Было бы напрасно искать в этом стихотворении связи с предшествующими стихотворениями русских поэтов, посвященными 1812 г. («Певец во стане русских воинов» и «Вождю победителей» — Жуковского, «К Жуковскому» — Вяземского, «К Александру I» и «Бородинская годовщина» — Пушкина и др.). Торжественно-одический строй, батально-патетический лад этих стихотворений ничего не имеют общего с безыскусственно-простым рассказом лермонтовского солдата. В то время как в стихах Жуковского, Пушкина, Вяземского, Батюшкова и др., посвященных 1812 г. и в частности Бородину, чувствуется громкое эхо торжественной оды XVIII столетия, «в каждом слове «Бородина», — по выражению Белинского, — слышите солдата, язык которого, не переставая быть грубо-простодушным, в то же время благороден, силен и полон поэзии»2.

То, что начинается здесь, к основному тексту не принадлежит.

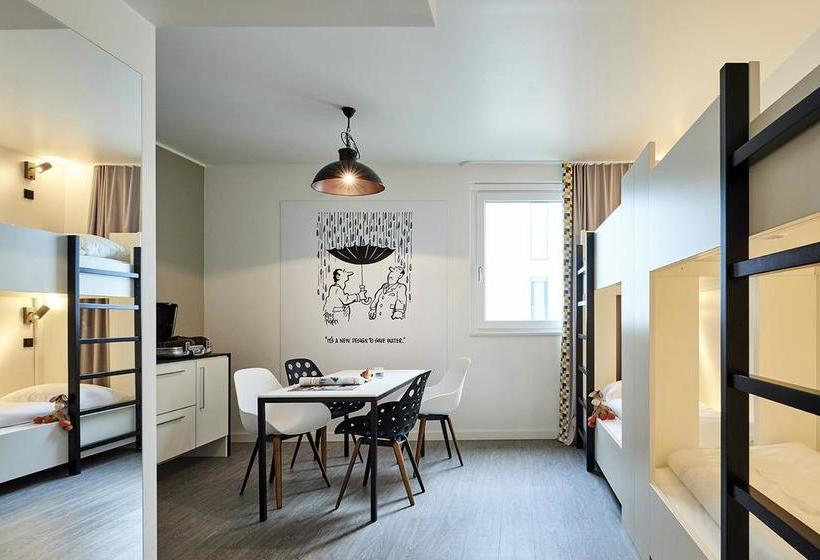 Hotel CharlyŽs House Bed & Breakfast 10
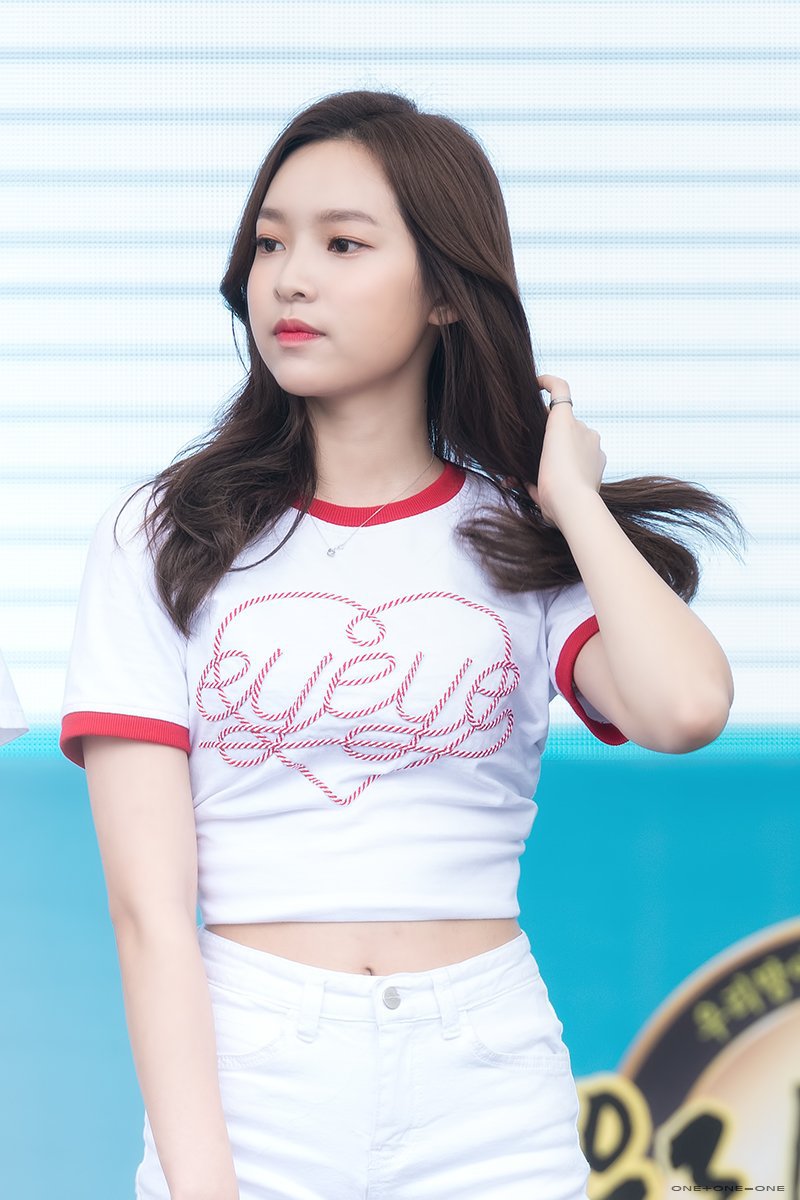 에이프릴의 예람쥐 예나.jpg | 인스티즈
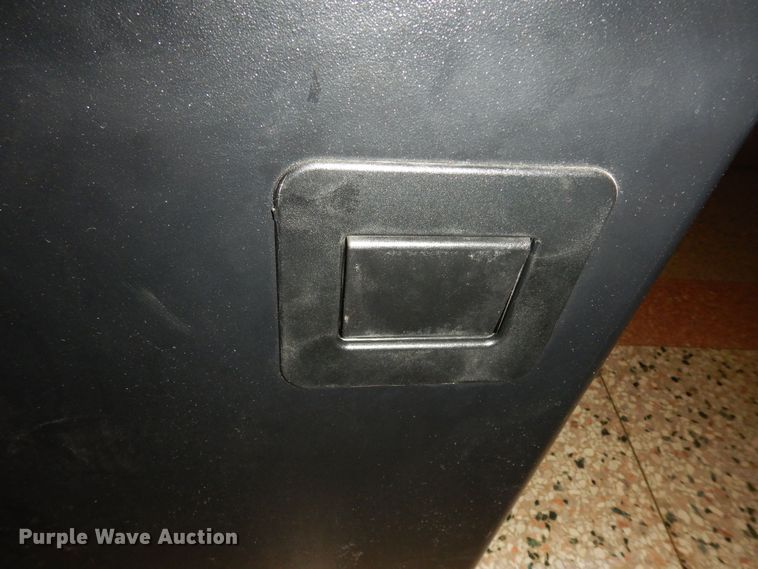 image for item JQ9809 FMI 3132  snack vending machine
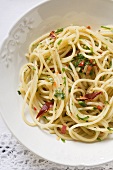 Spaghetti mit Chilischoten und Kräutern (Draufsicht)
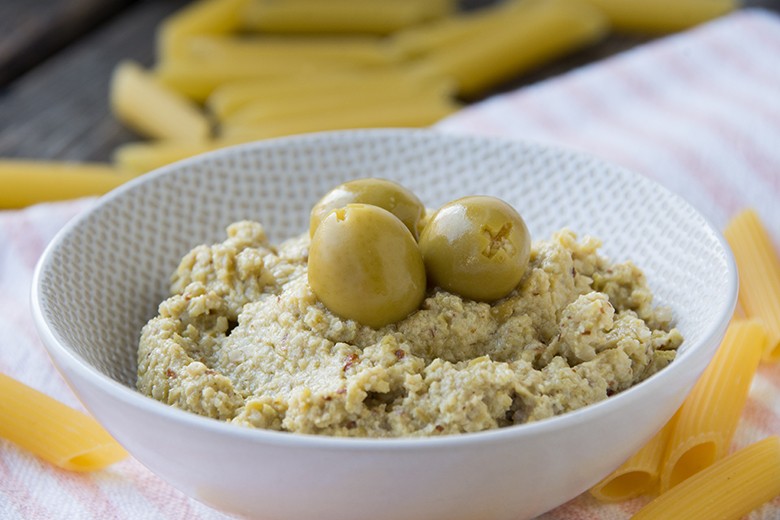 Veganes Olivenpesto mit Mandeln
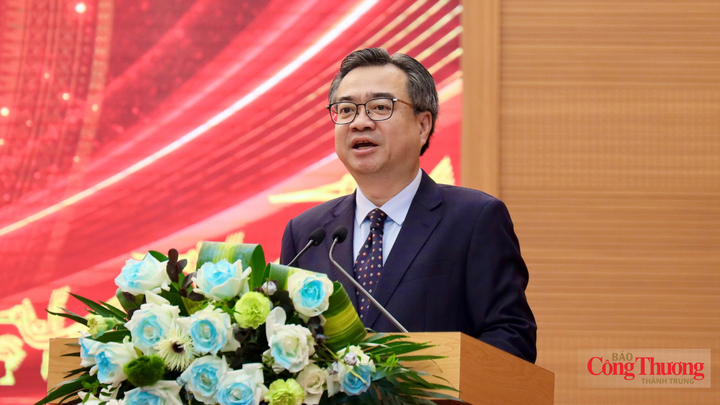 Đồng chí Nguyễn Thanh Nghị - Ủy viên Bộ Chính trị, Bí thư Trung ương Đảng, Trưởng Ban Chính sách, chiến lược Trung ương phát biểu tại hội thảo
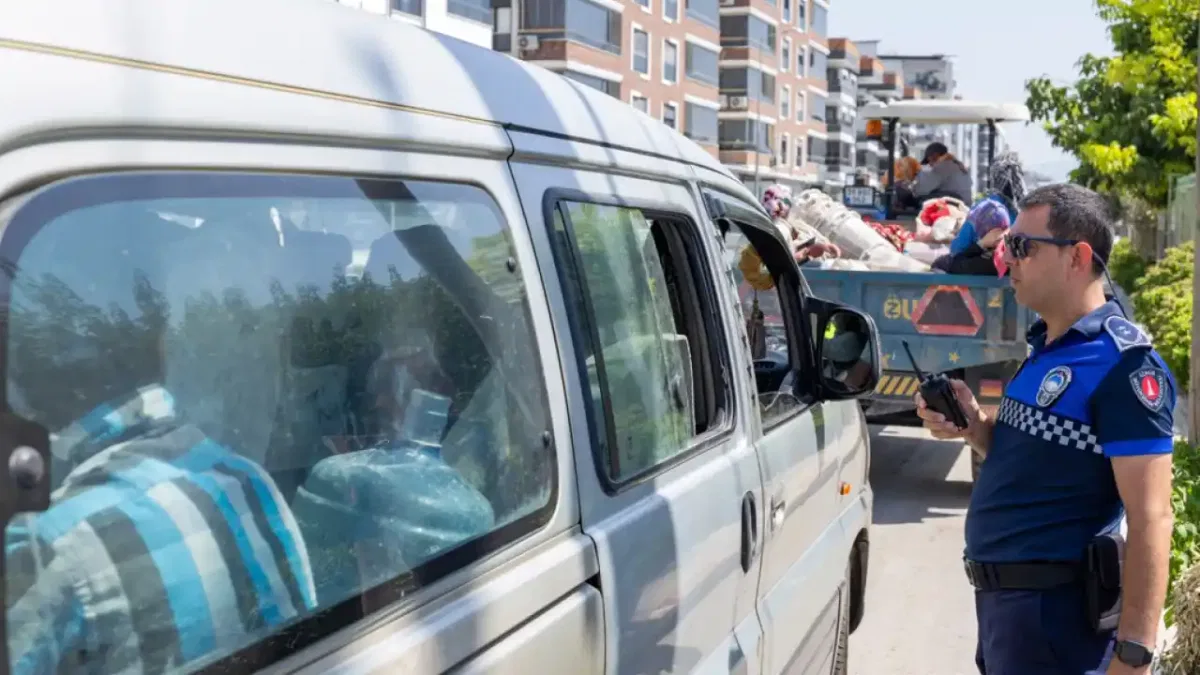 İzmir Büyükşehir'den tarım işçisi servislerine sıkı denetim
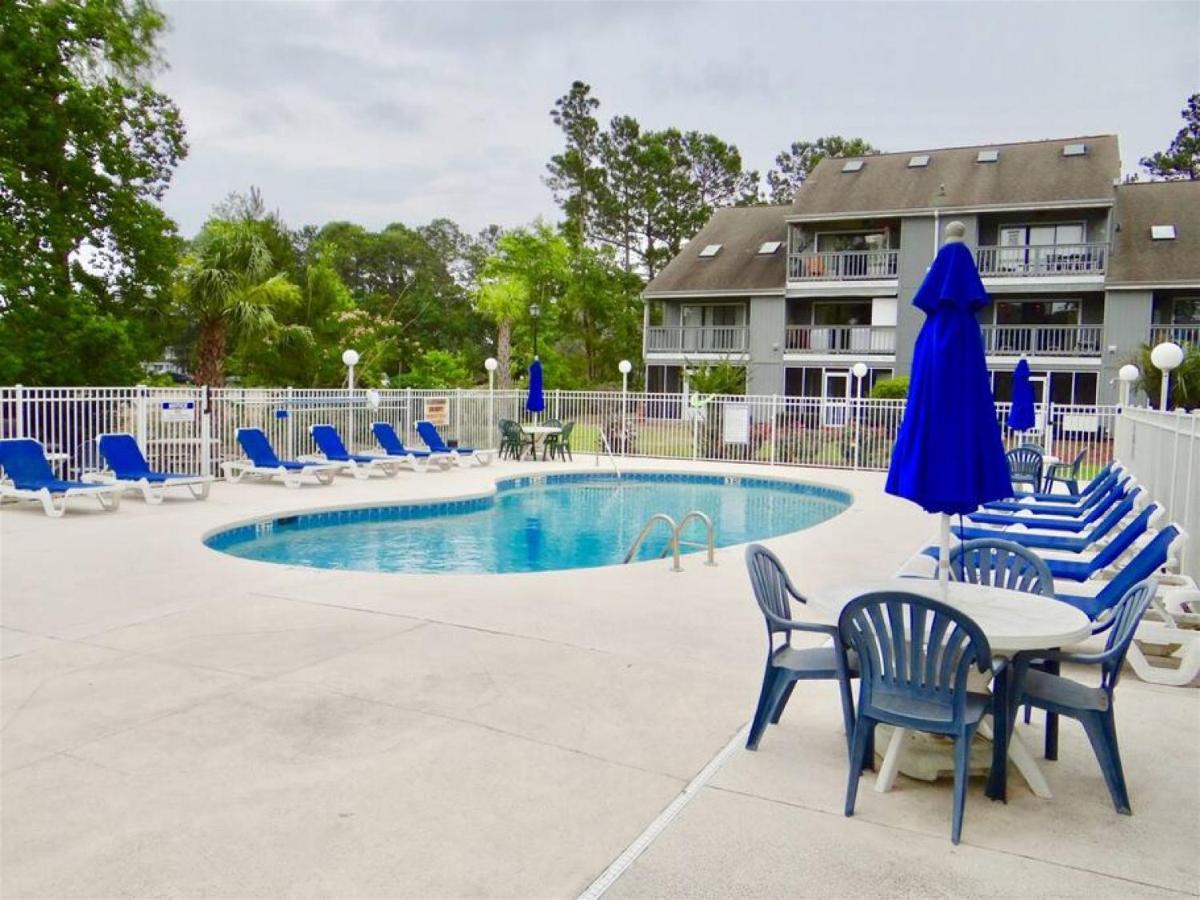 35s Golf Colony Ground Floor In Family Friendly Surfside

Своим поэтически-правдивым стихотворением «Бородино» Лермонтов не завершал старую линию военно-патриотических стихотворений, а начинал новую главу в истории русской поэзии.
После «Бородина», появившегося через четыре месяца после смерти Пушкина в его осиротелом журнале, стало ясно, что на смену народному поэту Пушкину пришел народный поэт Лермонтов.
В 1909 г. автору этих строк довелось вести беседу о Лермонтове со Львом Николаевичем Толстым.
— Его «Бородино», — сказал Толстой, — это зерно моей «Войны и мира».
Это замечательные слова.
Они указывают истинное место «Бородина» в русской литературе: это целая народная эпопея в простом реалистическом рассказе, и самый этот рассказ есть торжество народности и реализма в русской литературе.